Problem to work on>
Below is a listing with pictures in it. Copy it exactly without them.

Data>
====

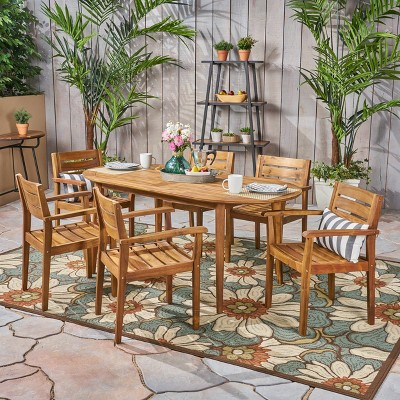 Christopher Knight Home Bohnhof 7 Piece Rustic Acacia Wood Outdoor Dining Set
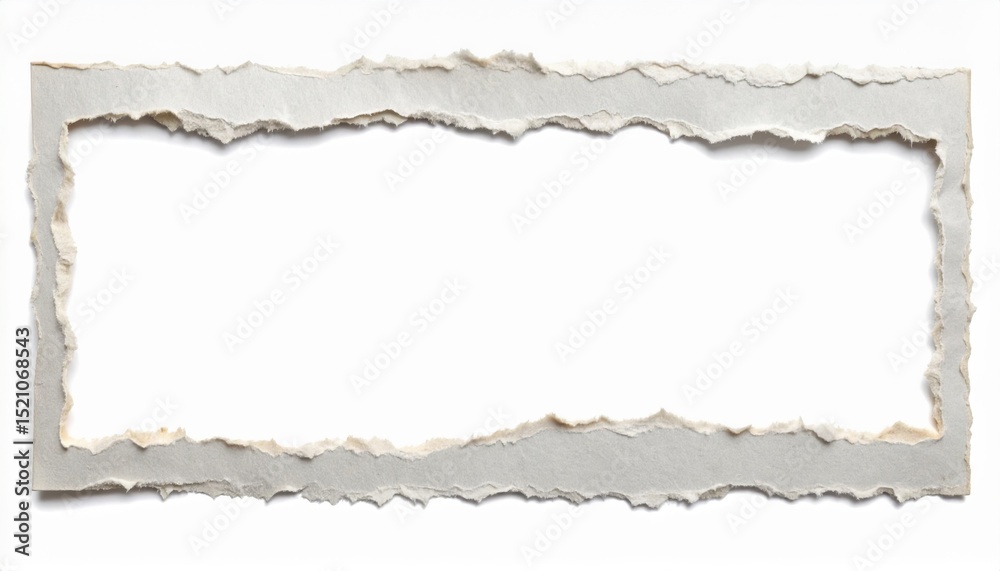 Obraz premium Grey Cardboard Rectangular Torn Paper Frame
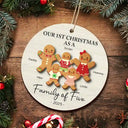 First Christmas As A Family Of Three Gingerbread - Personalized 2-Layered Wooden Ornament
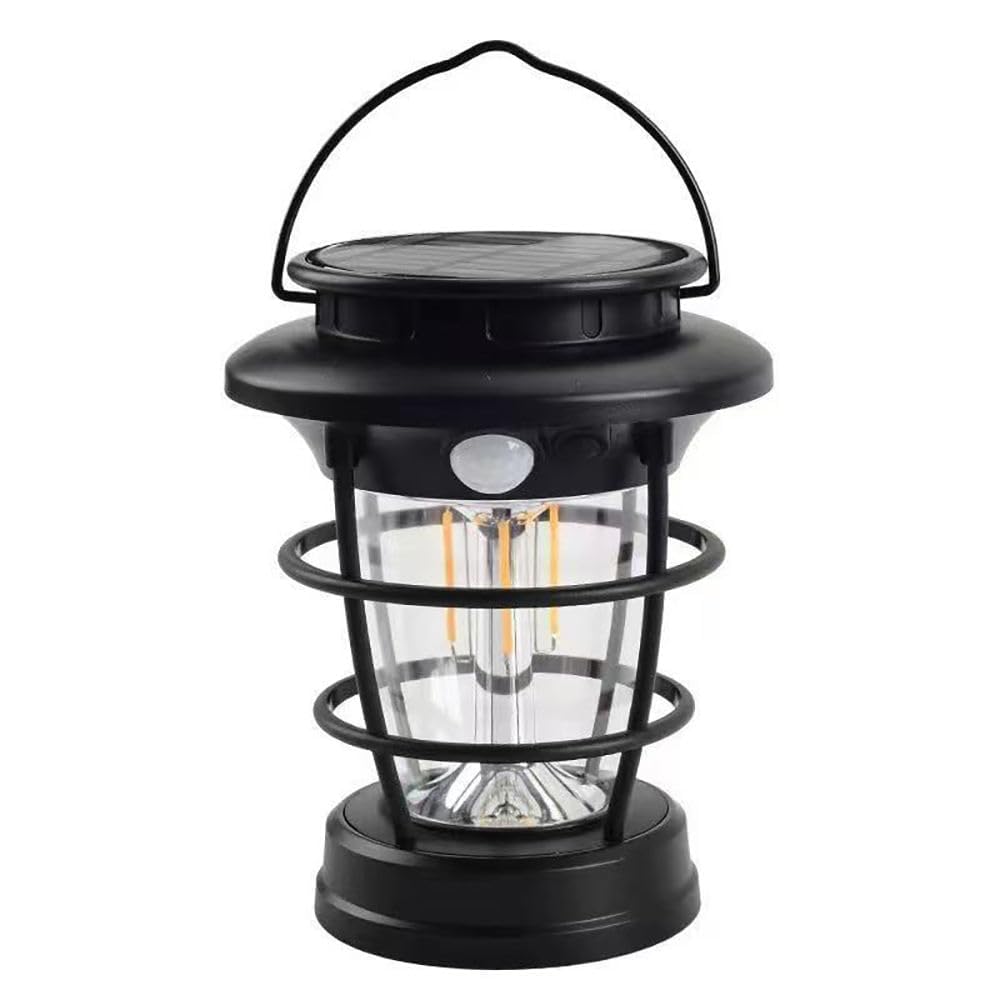 Ahuja International Solar Sensor Camping Hanging Vintage Style Lanterns Rechargeable Portable, Tabletop Lantern, Stepless Dimming, Waterproof for Tent Night Light Outdoort Lanterns Light (Model B)-image-23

====

Response to this task>
 Christopher Knight Home Bohnhof 7 Piece Rustic Acacia Wood Outdoor Dining Set
 Obraz premium Grey Cardboard Rectangular Torn Paper Frame
 First Christmas As A Family Of Three Gingerbread - Personalized 2-Layered Wooden Ornament
 Ahuja International Solar Sensor Camping Hanging Vintage Style Lanterns Rechargeable Portable, Tabletop Lantern, Stepless Dimming, Waterproof for Tent Night Light Outdoort Lanterns Light (Model B)-image-23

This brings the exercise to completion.